Eggs are a great, protein-rich alternative to meat. While they do contain some cholesterol (one egg has more than 50% of the cholesterol needed in an entire day), they are otherwise nutrient-packed and can be part of a healthful diet.
Here are some facts about eggs:
1. Eggs are very nutrient dense, with a whole lot of nutrition in only 70 calories per egg.
2. Eggs have very high quality protein- 6 grams per large egg (about 10-15% of the protein you need in a day)
3. While eggs do have about 185mg of cholesterol per egg, someone with cardiovascular disease or high cholesterol can safely eat one egg per day without exceeding the recommended limit of 300mg of cholesterol per day.
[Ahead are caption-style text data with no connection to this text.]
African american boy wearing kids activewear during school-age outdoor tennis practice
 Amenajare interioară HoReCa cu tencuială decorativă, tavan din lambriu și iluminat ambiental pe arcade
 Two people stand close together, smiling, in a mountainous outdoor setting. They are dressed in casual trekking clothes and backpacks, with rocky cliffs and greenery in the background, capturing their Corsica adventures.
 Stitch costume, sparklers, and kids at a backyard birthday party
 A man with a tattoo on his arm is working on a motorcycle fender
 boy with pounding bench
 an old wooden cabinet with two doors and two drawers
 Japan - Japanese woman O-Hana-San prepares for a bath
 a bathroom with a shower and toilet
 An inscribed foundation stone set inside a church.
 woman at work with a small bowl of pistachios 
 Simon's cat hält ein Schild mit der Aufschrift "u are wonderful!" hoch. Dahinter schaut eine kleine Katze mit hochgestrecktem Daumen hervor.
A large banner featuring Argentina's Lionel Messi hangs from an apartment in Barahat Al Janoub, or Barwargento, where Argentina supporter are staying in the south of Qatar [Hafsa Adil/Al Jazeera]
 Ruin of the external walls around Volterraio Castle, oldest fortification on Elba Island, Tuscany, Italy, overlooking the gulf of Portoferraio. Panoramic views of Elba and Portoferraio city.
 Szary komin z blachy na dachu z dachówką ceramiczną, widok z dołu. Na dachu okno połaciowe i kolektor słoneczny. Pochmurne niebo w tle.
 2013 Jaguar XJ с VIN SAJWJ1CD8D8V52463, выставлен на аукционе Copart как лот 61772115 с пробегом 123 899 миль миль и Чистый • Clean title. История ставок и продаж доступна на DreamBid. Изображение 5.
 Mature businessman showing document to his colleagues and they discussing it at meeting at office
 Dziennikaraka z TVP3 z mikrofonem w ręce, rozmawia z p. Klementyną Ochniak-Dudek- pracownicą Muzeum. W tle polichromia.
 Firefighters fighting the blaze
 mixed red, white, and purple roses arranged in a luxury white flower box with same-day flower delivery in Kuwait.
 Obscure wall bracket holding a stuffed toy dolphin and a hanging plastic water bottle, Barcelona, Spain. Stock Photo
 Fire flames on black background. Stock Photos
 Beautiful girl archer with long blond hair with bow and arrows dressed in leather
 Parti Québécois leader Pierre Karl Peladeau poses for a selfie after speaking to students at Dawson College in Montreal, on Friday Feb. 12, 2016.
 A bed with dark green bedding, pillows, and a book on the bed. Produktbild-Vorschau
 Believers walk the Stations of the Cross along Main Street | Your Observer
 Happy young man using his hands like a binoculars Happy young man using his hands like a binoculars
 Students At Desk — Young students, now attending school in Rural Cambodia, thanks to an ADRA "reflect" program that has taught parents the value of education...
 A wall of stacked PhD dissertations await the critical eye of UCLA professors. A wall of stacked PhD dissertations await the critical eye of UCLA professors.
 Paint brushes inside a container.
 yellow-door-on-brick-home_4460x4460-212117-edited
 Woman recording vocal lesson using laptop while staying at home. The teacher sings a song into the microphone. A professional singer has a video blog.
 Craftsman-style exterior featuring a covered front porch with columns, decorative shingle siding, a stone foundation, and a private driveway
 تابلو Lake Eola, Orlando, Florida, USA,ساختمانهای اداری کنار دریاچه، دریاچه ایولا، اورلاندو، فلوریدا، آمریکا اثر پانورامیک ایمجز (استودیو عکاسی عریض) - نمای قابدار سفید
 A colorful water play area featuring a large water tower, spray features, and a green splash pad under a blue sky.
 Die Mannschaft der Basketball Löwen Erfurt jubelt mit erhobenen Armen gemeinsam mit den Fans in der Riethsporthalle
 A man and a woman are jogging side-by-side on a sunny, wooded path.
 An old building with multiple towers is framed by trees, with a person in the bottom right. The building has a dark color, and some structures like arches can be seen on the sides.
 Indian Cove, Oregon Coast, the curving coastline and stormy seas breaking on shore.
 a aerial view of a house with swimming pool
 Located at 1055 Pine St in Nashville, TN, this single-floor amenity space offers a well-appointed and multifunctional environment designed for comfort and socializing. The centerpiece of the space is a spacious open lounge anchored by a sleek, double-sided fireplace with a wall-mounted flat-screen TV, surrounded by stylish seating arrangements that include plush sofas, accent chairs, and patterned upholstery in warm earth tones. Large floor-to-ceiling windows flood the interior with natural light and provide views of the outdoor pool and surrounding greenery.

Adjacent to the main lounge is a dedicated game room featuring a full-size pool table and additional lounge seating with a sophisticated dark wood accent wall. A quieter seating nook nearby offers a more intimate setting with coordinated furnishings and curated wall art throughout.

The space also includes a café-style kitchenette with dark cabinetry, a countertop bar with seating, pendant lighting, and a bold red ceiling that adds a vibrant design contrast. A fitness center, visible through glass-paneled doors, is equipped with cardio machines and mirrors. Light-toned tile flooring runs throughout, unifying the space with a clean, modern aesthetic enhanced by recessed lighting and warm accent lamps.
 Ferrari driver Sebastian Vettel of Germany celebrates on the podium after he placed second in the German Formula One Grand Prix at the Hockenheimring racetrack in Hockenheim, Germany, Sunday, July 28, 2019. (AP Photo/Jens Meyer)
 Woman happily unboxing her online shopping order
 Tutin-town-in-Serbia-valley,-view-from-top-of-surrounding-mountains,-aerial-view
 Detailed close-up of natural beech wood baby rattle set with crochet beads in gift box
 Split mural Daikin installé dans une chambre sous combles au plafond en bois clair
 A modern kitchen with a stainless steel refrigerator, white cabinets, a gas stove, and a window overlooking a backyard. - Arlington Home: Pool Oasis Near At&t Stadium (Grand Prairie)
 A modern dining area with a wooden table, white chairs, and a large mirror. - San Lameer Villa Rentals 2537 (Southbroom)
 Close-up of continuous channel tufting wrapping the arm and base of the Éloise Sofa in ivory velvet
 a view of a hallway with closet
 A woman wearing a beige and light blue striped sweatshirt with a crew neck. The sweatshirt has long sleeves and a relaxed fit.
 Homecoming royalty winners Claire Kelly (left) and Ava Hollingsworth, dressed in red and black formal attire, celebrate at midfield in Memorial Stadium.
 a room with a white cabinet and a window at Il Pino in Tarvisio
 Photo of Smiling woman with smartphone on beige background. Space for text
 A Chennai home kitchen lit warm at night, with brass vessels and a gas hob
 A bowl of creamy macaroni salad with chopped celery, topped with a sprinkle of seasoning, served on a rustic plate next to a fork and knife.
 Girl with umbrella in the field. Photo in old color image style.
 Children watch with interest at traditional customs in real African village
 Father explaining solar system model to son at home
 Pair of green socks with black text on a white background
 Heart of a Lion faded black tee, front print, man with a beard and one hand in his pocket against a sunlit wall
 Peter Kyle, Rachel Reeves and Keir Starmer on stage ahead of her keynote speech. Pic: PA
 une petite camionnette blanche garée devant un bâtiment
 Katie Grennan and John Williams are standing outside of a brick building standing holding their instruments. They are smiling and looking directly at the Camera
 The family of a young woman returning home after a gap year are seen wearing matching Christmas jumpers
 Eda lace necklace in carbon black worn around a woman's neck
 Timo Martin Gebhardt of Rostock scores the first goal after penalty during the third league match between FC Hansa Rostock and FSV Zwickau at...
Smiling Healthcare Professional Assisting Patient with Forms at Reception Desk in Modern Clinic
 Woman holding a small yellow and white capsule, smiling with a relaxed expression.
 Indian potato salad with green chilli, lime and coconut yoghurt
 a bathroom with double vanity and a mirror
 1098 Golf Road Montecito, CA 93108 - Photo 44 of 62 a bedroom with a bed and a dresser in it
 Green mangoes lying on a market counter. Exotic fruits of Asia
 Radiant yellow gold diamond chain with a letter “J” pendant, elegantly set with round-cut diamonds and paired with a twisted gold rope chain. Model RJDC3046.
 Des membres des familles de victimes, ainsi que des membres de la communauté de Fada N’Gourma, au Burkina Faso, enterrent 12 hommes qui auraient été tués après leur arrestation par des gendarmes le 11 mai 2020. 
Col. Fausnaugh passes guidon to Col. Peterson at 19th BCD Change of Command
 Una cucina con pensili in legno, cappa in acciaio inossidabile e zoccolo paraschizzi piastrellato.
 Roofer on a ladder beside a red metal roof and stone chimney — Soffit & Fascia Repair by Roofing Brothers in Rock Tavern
4. Egg whites are fat and cholesterol free! Most of the egg’s protein is in the white.
5. 1 large egg contains more than 15% daily value of the following nutrients: Riboflavin, Vitamin B12, Biotin, Pantothenic Acid, Iodine, Zinc, Selenium, Molybdenum, and Choline.
Here is the explanation behind some commonly used labels for eggs:
1. Conventional – Laid by hens kept enclosed in their nesting areas
2. Free-Range – Laid by hens with access to the outdoors. They are not housed in enclosures. In addition to eating grain feed, they are able to forage for wild plants and insects.
3. Pasture-Raised – Laid by hens that roam and forage in a pasture.
4. Certified Organic – Laid by cage-free or free-range hens raised on organic feed. They must have access to the outdoors.
5. Pasteurized – Eggs are heated just below the coagulation point to destroy bacteria.
6. Brown – The egg color has no bearing on the flavor or nutrition of the egg. Hens with white feathers and ear lobes lay white eggs, and hens with red feathers and ear lobes lay brown eggs.
7. Omega-3 Enriched – The hens are fed a diet high in omega-3 fatty acids, which results in an egg with 100-600mg omega-3’s.